Такая преданность авторской песне вызывала недоумение и как будто возвращала нас в то время, когда барды были практически под запретом, и жизнь «от фестиваля к фестивалю» никого особенно не удивляла - она воспринималась, как проявление здравомыслия, интеллигентности и высокого полёта духа.
Мы не хотели понимать, что случай сестёр Зорькиных - совсем другого рода. Наверняка, они видели в бардах просто специфическую музыкальную культуру, отличную и от легковесной «попсы» и от грубого рока - чем авторская песня, видимо, и стала в постсоветское время.
Между строк:
Созерцательность, стремление не участвовать в происходящем вокруг, «особый» внутренний мир, «высокий» интеллект, «тонкая» духовность – всё это в девяностые годы перестало быть признаком силы. Вместо «не потерять человеческое лицо» в России появился другой базовый постулат – «выжить». Ценными стали активность, настойчивость, однозначность. И барды, из разряда живых пророков, перешли в уличные музыканты, сроднившись в массовом сознании со звёздами «блатной лирики» (тоже, кстати, ранее бывшими под запретом).
Но, вопреки железной логике истории, появление среди нас нежных цветочков Зорькиных многими было воспринято, как знак возрождения жанра и наступления «лучших» времён. В революционной горячке, мы водрузили Зорькиных на пьедестал, скроили из них знамя и понесли их светлый образ высоко над головами...

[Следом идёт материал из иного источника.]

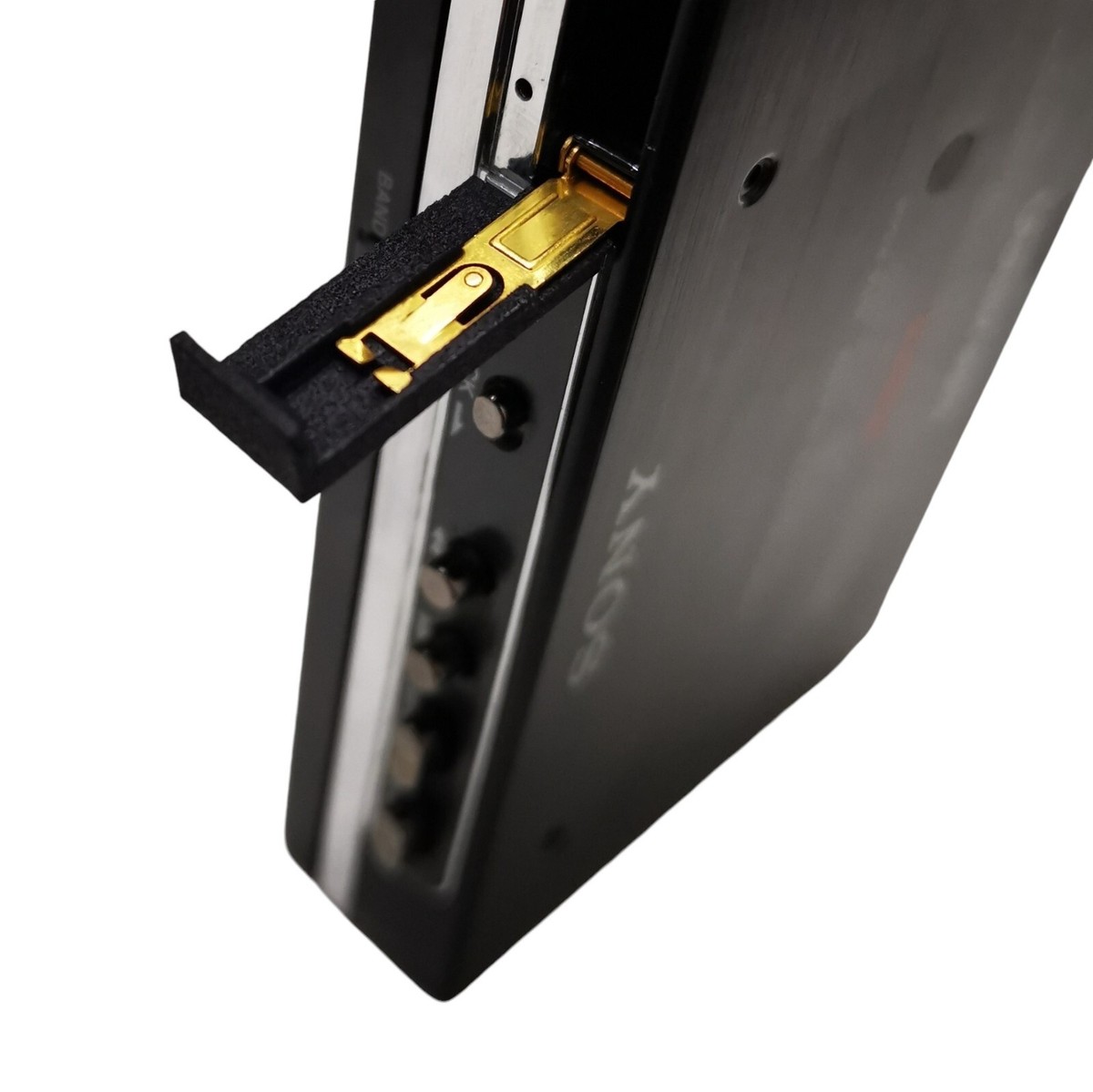 Battery cover For SONY Walkman WM-501 | eBay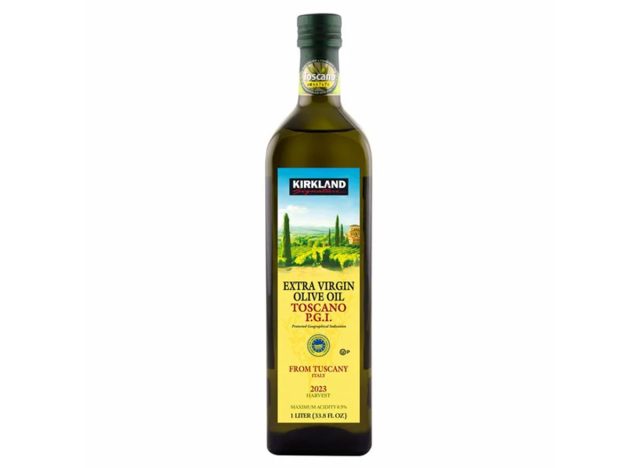 Kirkland Signature Toscano Extra Virgin Olive Oil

При этом они сами были совершеннейшими детьми. «Взрослая» Даша помыкала младшенькой как хотела, заботилась о ней, запрещала или разрешала ей разные невинные шалости вроде курения или употребления алкогольных напитков без закуски. Кстати, помнится, примерно год спустя мы долго передавали из уст в уста анекдотическое заявление Наташки. 13-летний ангелочек озабоченно поделился с кем-то из нас своей проблемой: люди, меня что-то в последнее время водка не торкает…

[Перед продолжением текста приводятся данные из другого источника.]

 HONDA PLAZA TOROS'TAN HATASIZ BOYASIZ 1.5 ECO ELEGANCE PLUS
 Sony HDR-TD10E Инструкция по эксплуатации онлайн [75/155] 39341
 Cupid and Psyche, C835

Их репетиции были ураганом, землетрясением, пожаром. Прелестные звуки, выводимые ангельскими голосами, легко могли прерваться, например, таким диалогом: - дура! куда ты лезешь! – сама ты дура! там же модуляция!.. – да я вообще с тобой петь не буду! – да и пошла ты в жопу!.. – пошла ты сама!.. Перебранка обычно продолжалось несколько минут, потом одна из сестёр срывалась и убегала со слезами. Потом они неизменно сходились и всё начиналось сначала.
С появлением Ключа, ажиотаж вокруг Зорькиных несколько поутих: дефицита юных, талантливых и красивых больше не существовало. Сёстры, несомненно, выделялись и на этом фоне, но, глядя на них, никто уж не думал, что это пришествие святых…

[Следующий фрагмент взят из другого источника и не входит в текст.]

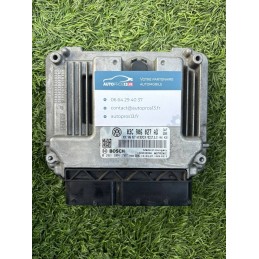 CALCULATEUR MOTEUR ECU SEAT...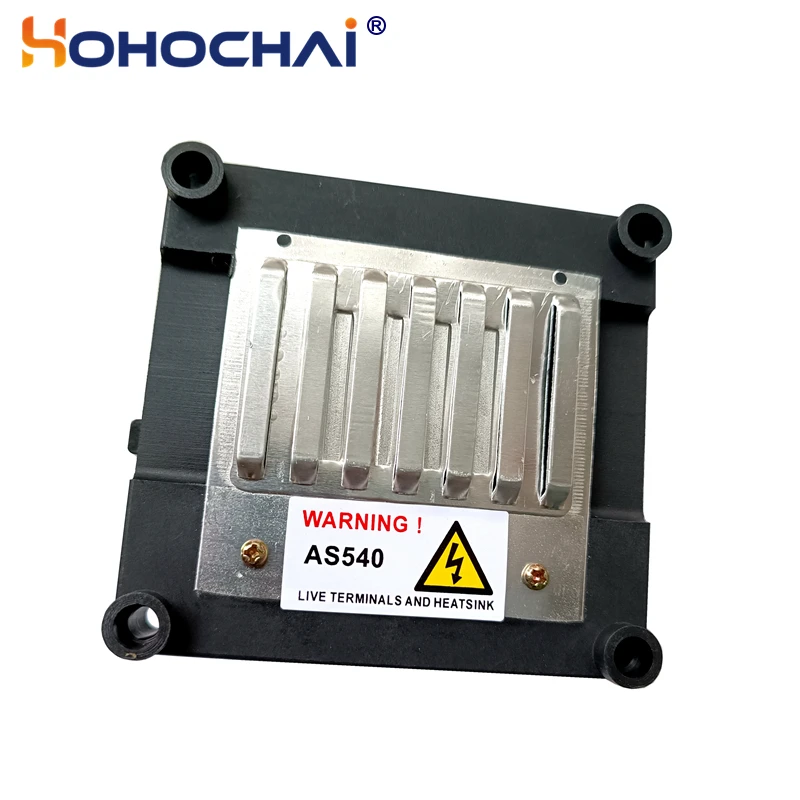 Imagem -05 - Avr Automático Regulador de Tensão Estabilizador Stamford Peças sem Escova Genset As540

На «Приморских струнах-96», кроме всего прочего, я дебютировал и как Зорькинский аккомпаниатор. Мы с ними тогда разучили всего пару песен, но наш творческий союз выглядел очень многообещающим: детская непосредственность, с одной стороны, и богатый жизненный опыт – с другой… Между мной и сёстрами с самого начала ощущалась близкая связь. Впрочем, в то первое Ключовское лето это было обычным делом, - мы все любили друг друга и восхищались друг другом.
Две сестры, внешне настолько разные, были, на мой взгляд, настоящим олицетворением Ключовской «мечты», идеалом женственности, «секс-симоволом» клуба. Причём, я уверен, что этот идеал складывался именно из них обеих, в нераздельности. Младшая была безупречно красива, старшая – безупречно чувственна, и обе обладали сильными, выразительными голосами. Слушать их было чистое наслаждение.
Помню, когда, уже на закате клуба, появилась мысль создать его скульптурный образ, мы собирались использовать Наташку как модель (коленопреклонённая девушка с ключом в открытых ладонях), и ни у кого не возникло сомнений в правильности этого выбора.
Впрочем, возможно, кто-то поспорил бы со мной насчёт женского идеала. Подозреваю, что серьёзную конкуренцию Зорькиным в этой номинации могла составить Леся Цыганок, уважительно именуемая всеми Лесь Санна – женщина, которой судьба уготовила нелёгкую роль – быть женой президента Ключа.